Wednesday, July 4, 2018

Introduction to Works of Arthur Pink Volume 1


I grew up reading scripture. I had—have—this ancient New International Version New Testament, published in 1975. The subtitle is “Illustrated Children’s Edition with Memory Margin”. This New Testament measures 6 and a half, by 9 and an eighth, by 1 and a quarter inches. I estimate the font to be about 14 pt. Maybe I was partially blind when I was a child. By New Testament standards, this book is very large. Not sure where I was going with this. I also had a complete bible. This other bible was a children’s edition sprinkled throughout with pictures of various events. That thing is lost forever.

I’m guessing I learned to read about the same time as most other children. The Bible being one of the first books I possessed, that was what I read. One of the earliest stories I remember reading was “David and Goliath”.
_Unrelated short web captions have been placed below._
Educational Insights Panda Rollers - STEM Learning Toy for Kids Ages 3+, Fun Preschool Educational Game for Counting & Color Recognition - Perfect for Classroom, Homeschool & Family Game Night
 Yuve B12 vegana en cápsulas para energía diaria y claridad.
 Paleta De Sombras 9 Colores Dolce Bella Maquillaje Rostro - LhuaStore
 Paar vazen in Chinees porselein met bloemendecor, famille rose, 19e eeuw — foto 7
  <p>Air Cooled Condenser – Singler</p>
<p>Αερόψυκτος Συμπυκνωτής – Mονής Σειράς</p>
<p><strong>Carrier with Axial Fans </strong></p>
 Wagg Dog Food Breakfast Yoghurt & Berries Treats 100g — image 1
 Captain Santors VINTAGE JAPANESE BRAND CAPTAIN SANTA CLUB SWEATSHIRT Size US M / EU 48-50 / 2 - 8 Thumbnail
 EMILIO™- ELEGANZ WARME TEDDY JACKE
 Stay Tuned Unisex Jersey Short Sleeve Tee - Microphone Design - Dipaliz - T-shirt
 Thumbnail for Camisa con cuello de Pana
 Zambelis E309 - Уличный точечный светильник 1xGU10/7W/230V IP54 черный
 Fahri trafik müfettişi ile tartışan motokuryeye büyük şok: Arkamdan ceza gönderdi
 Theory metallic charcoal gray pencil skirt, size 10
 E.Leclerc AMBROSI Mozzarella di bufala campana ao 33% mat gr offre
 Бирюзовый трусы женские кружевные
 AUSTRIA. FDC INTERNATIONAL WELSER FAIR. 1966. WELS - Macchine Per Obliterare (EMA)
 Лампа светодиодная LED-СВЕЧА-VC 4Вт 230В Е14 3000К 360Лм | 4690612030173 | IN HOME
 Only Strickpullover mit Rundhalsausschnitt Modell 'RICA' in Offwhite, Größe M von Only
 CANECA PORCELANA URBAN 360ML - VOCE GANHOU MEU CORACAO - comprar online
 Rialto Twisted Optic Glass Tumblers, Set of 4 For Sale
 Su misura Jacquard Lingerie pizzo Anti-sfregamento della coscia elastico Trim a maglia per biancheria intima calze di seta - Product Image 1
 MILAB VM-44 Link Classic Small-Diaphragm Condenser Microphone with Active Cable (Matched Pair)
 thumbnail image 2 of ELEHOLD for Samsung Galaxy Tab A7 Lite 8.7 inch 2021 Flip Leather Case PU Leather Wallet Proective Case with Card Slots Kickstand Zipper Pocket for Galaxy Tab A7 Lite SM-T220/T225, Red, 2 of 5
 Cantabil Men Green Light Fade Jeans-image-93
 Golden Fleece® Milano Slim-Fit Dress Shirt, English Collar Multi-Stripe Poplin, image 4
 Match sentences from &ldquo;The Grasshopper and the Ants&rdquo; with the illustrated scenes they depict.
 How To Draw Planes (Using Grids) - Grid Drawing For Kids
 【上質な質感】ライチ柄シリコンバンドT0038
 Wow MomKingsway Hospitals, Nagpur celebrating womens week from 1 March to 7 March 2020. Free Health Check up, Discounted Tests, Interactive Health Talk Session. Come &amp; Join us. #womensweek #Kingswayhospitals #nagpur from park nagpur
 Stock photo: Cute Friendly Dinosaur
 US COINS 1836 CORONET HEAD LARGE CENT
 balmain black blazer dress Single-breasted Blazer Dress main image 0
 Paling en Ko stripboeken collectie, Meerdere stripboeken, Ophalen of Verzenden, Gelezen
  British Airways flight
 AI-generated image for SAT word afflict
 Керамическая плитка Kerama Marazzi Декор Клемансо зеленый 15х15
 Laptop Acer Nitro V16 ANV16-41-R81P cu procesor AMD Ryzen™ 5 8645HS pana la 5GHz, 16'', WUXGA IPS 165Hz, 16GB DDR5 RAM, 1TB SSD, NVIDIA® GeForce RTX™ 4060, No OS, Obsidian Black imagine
Like many of the stories in scripture, we find in this story much that inspires us. David tended sheep. He was young, probably in his early teens. He was handsome. He was brave, even perhaps a little obnoxious. The details and the conflict between David and his older brother lend to the credulity of the story. David went to the frontlines of the battle between the Israelites and the Philistines and brought food to the soldiers. There, he heard the challenge of the Philistines’ gigantic champion, Goliath, as he defied the armies of God, and God himself. “Who does this guy think he is?”, David asked. We all know how the story ends. David executes an unconscious Goliath with his own sword. That is how the story of David and Goliath ends. The future king of Israel, the ancestor God chose through which he would send the Savior of Mankind—David the Shepherd executed an unconscious man without trial or pretense of any kind.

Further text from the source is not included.